** Exercise directions **
Where the records below reach the line containing "World Traveler 21", start transcribing, and end with the line containing "80th Birthday party 1944 80生まれピン 缶バッジ", exactly and with nothing else added.

** Supplied information **
[Start of Attachment]

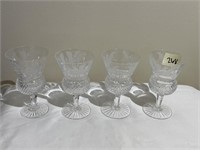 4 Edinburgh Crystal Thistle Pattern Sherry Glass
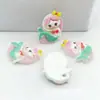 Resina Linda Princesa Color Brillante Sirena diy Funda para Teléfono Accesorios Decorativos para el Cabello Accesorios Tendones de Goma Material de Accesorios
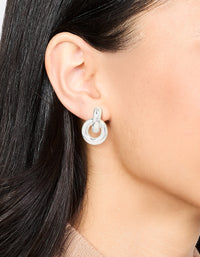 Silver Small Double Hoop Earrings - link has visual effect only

[End of Attachment]
[Start of Attachment]

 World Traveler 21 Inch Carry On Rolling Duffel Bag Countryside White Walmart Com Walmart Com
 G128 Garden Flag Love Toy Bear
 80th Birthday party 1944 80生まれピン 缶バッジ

[End of Attachment]

** Exercise solution **
 World Traveler 21 Inch Carry On Rolling Duffel Bag Countryside White Walmart Com Walmart Com
 G128 Garden Flag Love Toy Bear
 80th Birthday party 1944 80生まれピン 缶バッジ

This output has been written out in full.